Publications, Books, Articles

Jessica Lipnack and Jeffrey Stamps: "As for all those trees being turned into profits for the copying companies, paper manufacturers, and the post office, we would draw some (albeit squiggly) lines. In our research we have seen the publications of close to 2000 groups who in some way identify with the concept of networking. Amazingly, even after three years, we are still fascinated by the original work that people are creating. The possibilities of human communication are only beginning to be tapped and we don't feel that the proliferation of junk mail should deter anyone with a heart and something to say."

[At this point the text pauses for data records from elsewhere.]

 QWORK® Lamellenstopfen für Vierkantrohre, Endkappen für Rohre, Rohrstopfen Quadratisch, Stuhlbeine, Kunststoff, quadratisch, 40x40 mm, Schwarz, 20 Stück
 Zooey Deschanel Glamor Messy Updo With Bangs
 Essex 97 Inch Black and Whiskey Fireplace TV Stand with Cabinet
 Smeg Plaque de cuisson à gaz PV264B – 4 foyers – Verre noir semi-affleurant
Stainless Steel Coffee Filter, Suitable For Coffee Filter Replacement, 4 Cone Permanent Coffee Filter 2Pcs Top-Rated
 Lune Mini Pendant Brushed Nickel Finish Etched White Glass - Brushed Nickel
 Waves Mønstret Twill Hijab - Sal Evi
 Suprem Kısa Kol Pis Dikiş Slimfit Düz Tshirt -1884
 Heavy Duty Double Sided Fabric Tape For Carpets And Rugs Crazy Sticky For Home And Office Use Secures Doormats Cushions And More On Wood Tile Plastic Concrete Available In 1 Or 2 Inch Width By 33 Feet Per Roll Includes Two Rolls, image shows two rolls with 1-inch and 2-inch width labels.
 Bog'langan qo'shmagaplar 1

Pat Wagner, Network Resources, PO Box 18666, Denver, CO 80218: "Our simple-minded approach to handling INFOGLUT:

  1. Unless we can think of someone who would like the literature in hand - be it magazine, essay, or postcard - we throw it out. Once we answer an inquiry or piece of correspondence, unless there is a very good reason for keeping it on hand, we treat it the same way. 'Filing' parties once a year clear the files - the information is again either disseminated or trashed.
  2. We try to answer our mail as quickly as possible and encourage our friends and clients to send us postcards when a quick response is needed.
  3. We do not have a home phone.
  4. We find friends and professionals who have the time and inclination to keep track of certain kinds of information and use them. If we need to 'look it up" we call them. We also try to reward them in some way so they can afford to do this....
  5. On a regular basis, we try to put aside some time to dip into an area we know nothing about, perhaps even feel hostility towards. This includes reading THEIR publications, whoever THEM is, so our filters do not cause us to become smug and stupid.
  6. We estimate one hour of scheming and information exchange can lead to a minimum of 20 hours of hard, often boring work. Since we love scheming and networking, we try to set realistic goals for ourselves. Our most valuable tool: the phrase NO THANK YOU."

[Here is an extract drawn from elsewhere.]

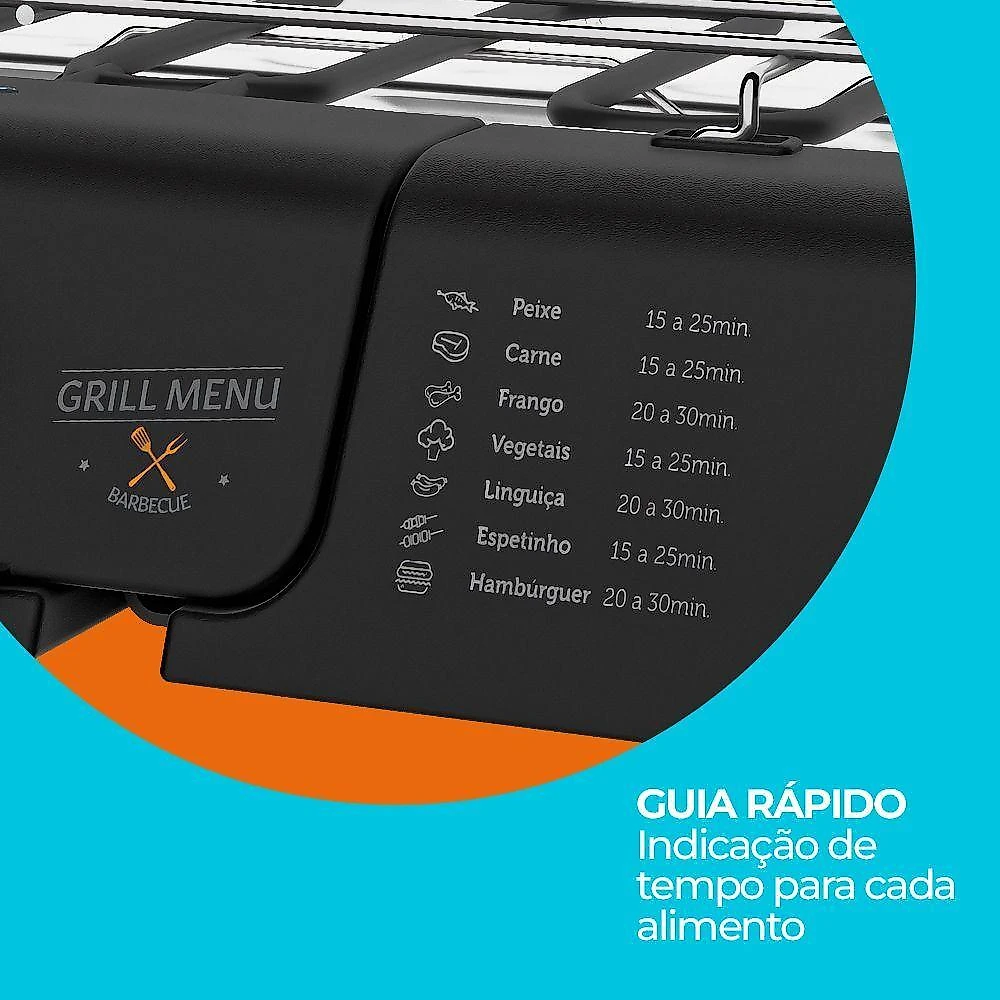 Churrasqueira Elétrica Cadence Grill Menu 110V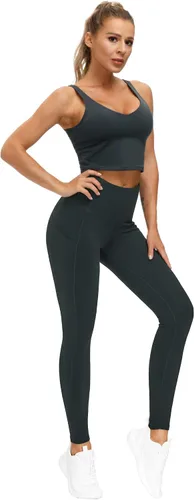 Miniatura 6 de The Gym People - Pantalones deportivos gruesos de tiro alto, con bolsillos y control de abdomen, leggings para entrenar, correr, hacer yoga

Is ST Part of the Problem?

Nancy Karlovich-Smith, Adult Ed Doctoral Student, FL State University: "If ST contributes to INFOGLUT, glut me anytime. Your voice for choice is much appreciated. Had Sudie Hofmann not introduced me to ST, I would have had Third, Fourth, and Fifth Thoughts about me and adult education."

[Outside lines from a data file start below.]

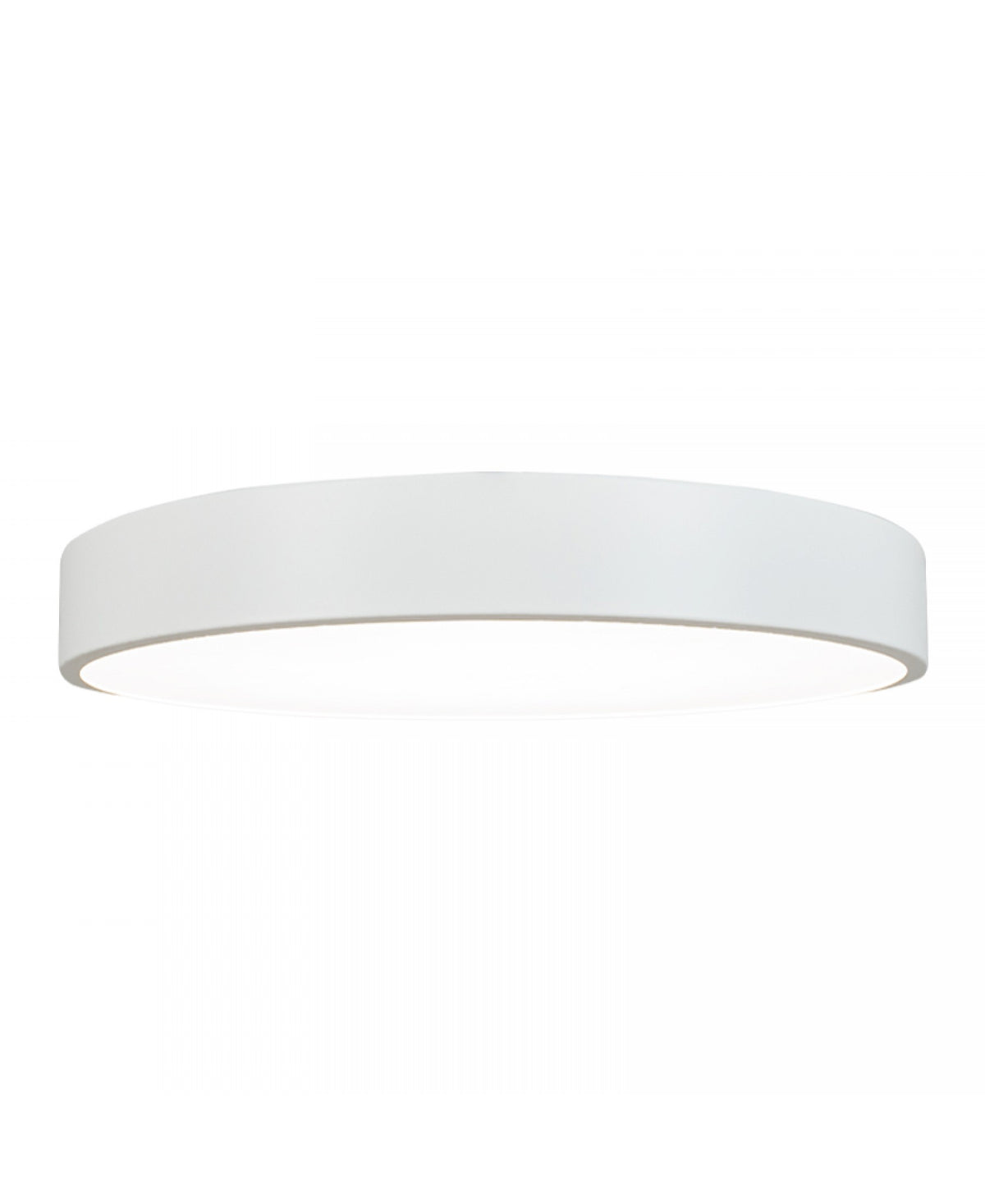 Vue de trois-quarts du luminaire rond montrant le bandeau latéral et l'ouverture lumineuse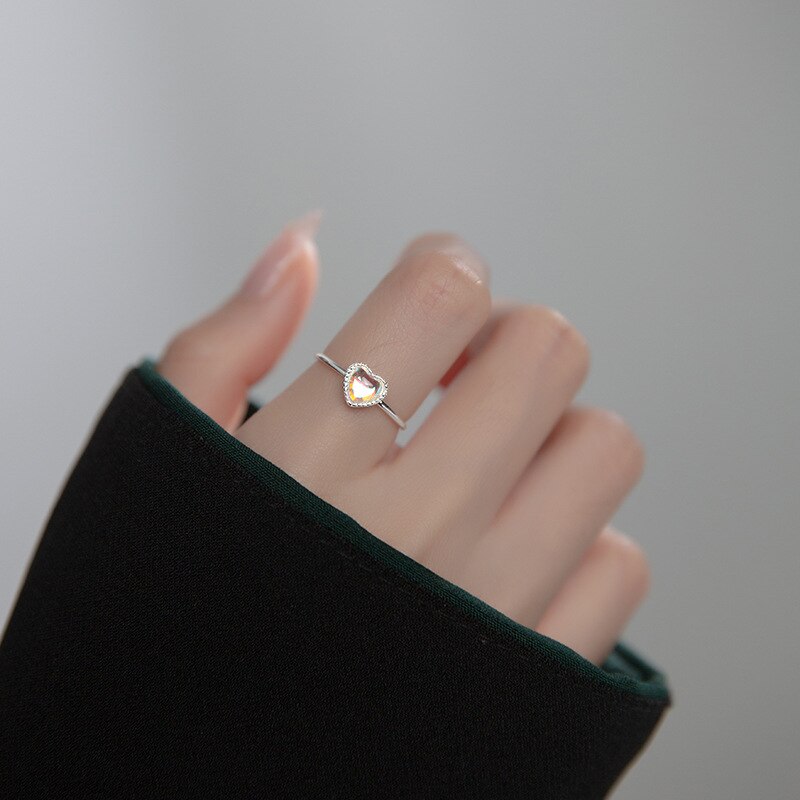 Inzatt echter 925 sterling silber gradient glas herz verstellbarer ring für damen süßer feiner schmuck minimalistisches accessoire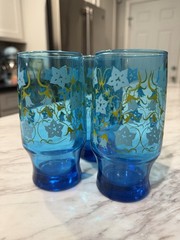 Lot Pat Au Style Turquoise Glass Tumbler Blue Yellow Floral Flower Vine Design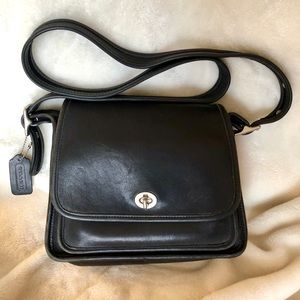 Vintage Coach Black Leather Crossbody Bag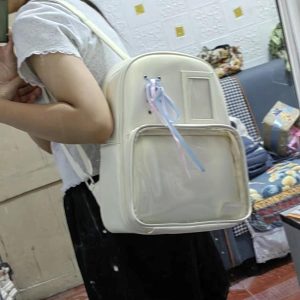 Ribbon Ita Bag Backpack – Large Clear Window Display Bag for Pins, Keychains & Anime Merch, Kawaii Lolita Style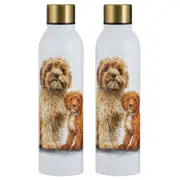 2PK Ashdene Puppy Love Cavoodle Drink Bottle 24.5cm Travel Water Container White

Paul E. Wilson, Colonel, U.S. Marine Corps, Retired, Longwood, FL: "I have tried to figure out your angle. I get the feeling that you are on the side of the 'Againsters.' If it is an official governmental policy/decision, you will think it's wrong. What would you do if you were given full control of education? Would we be a non-school sort of Illich society? ST seems to indicate that you have to react to things, and I would prefer to be the First Thoughts type who was daring enough and incisive enough to start things. How about it? Is this all just playing the old tunes with a new brass section? If so, then you are indeed part of the INFOGLUT."

Christian Bay, Professor of Political Science, University of Toronto, Canada: "There is a vital need for people like yourselves. ST serves as a creative and morally (= politically) task-oriented intermediary between worthwhile theory and healthy common sense."

In this selection of comments we have tried to do justice to the range of response to the issues raised in the INFOGLUT article. We want to thank all who wrote us, which besides those quoted above includes Scott Anderson, Art Ellison, Anne Fitzgerald, Ken Freed, Al Griffiths, Jane Mansbridge, Michael Marien, Ed Nagel, Hayden Roberts, Paul Rux, and Robert Verner. We welcome your views and encourage you to keep them coming. The resulting dialogue continually clarifies our own understandings and commitments as we hope it does yours.

APOLOGY TO MY COLLEAGUES

There was a meeting last night
To overthrow the world
And I missed it.
I missed it even though I always
Overthrowthegovernment
Every Tuesday and Thursday night
And redefinereality
As - I - know it
Every Wednesday afternoon.

I missed it and instead
Spent the day with my six year old friend
We had a tea party with Pooh and Piglet
And saved our rag doll from the Monsters.
We built a ship on the stairs
And crossed the Atlantic.
We made ice cream out of summer clouds
And served it to the animals.
We overthrew the world
And redefined reality
As - I - had - known it.

(Christina Wagner - 1974)

WORKERS AS OWNERS & MANAGERS

Wes Hare and Frank Adams of the Twin Streams Educational Center, Chapel Hill, N.C., have for several years been variously involved in efforts at worker ownership and management of businesses, especially in the educational aspects of such enterprises.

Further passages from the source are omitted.